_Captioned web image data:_
- Opening Delimiter -
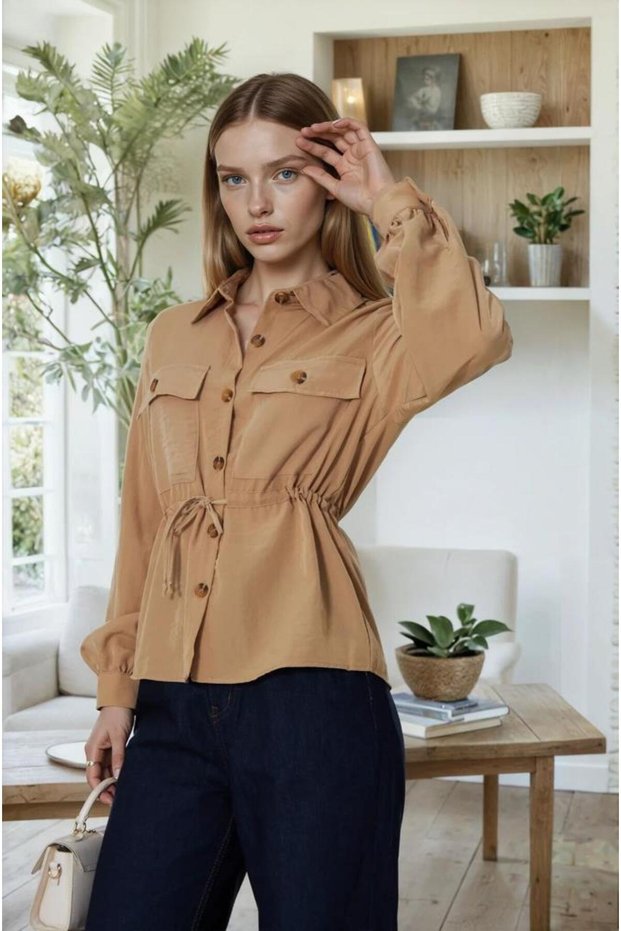 Women's Caramel Kupra Fabric Long Sleeve Waist Ruched Blouse/Shirt 700-3738297
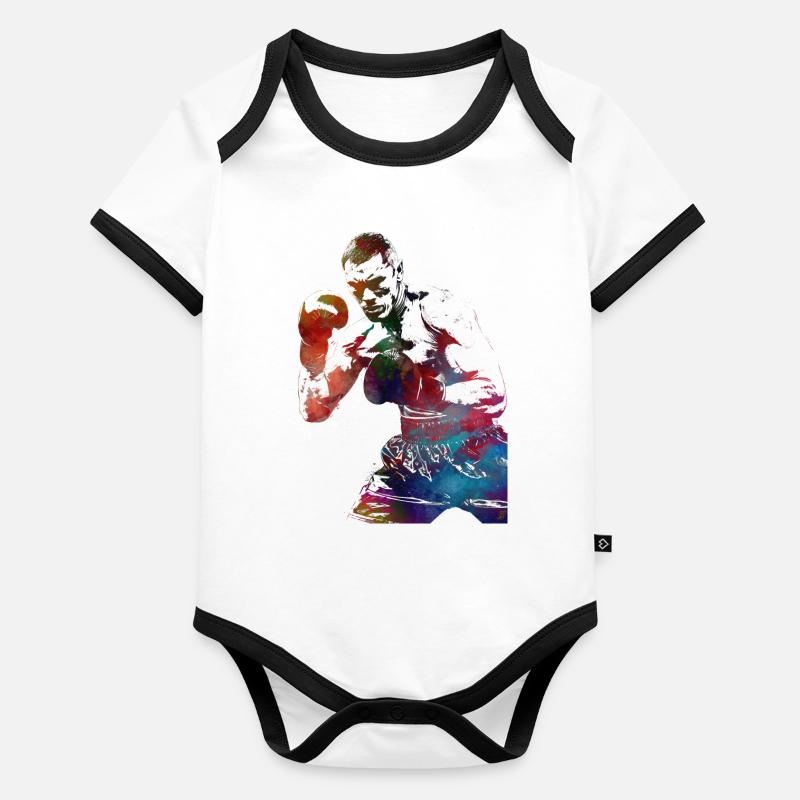 Boxe sportive #boxing - Body Bébé bio contrasté manches courtes - 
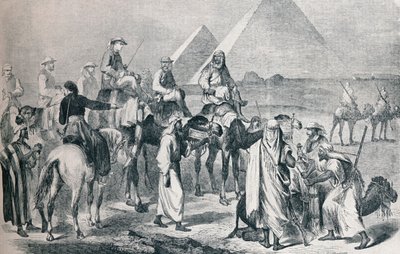 Le cortège royal quittant le campement à Gizeh, Égypte, vers 1861-1910 - Unbekannt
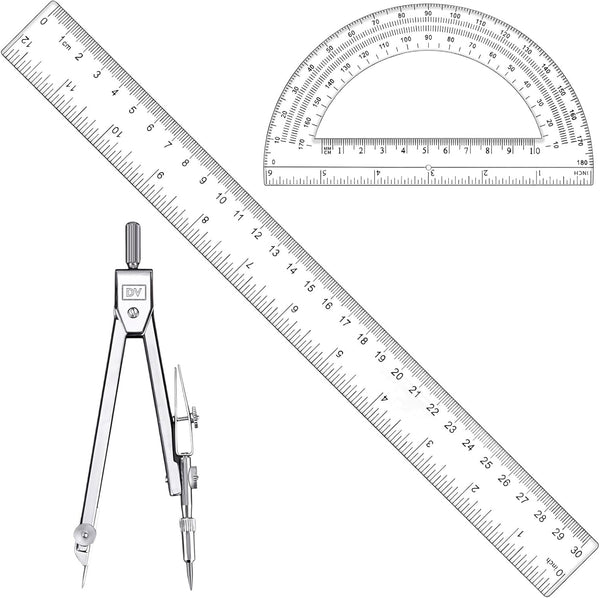 CNTVO 3 Pcs Plastic 12 Inch Ruler, Clear Protractor and Compasses Set for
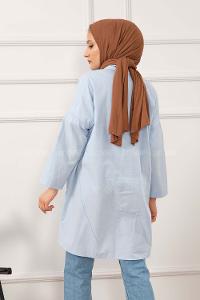 Modalamelif Gizli Cep Düşük Kol Gömlek Açık Mavi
- Closing Delimiter -
_Activity:_ Print all the records exactly, minus any images.

_Result for this exercise:_
 Women's Caramel Kupra Fabric Long Sleeve Waist Ruched Blouse/Shirt 700-3738297
 Boxe sportive #boxing - Body Bébé bio contrasté manches courtes - 
 Le cortège royal quittant le campement à Gizeh, Égypte, vers 1861-1910 - Unbekannt
 CNTVO 3 Pcs Plastic 12 Inch Ruler, Clear Protractor and Compasses Set for
 Modalamelif Gizli Cep Düşük Kol Gömlek Açık Mavi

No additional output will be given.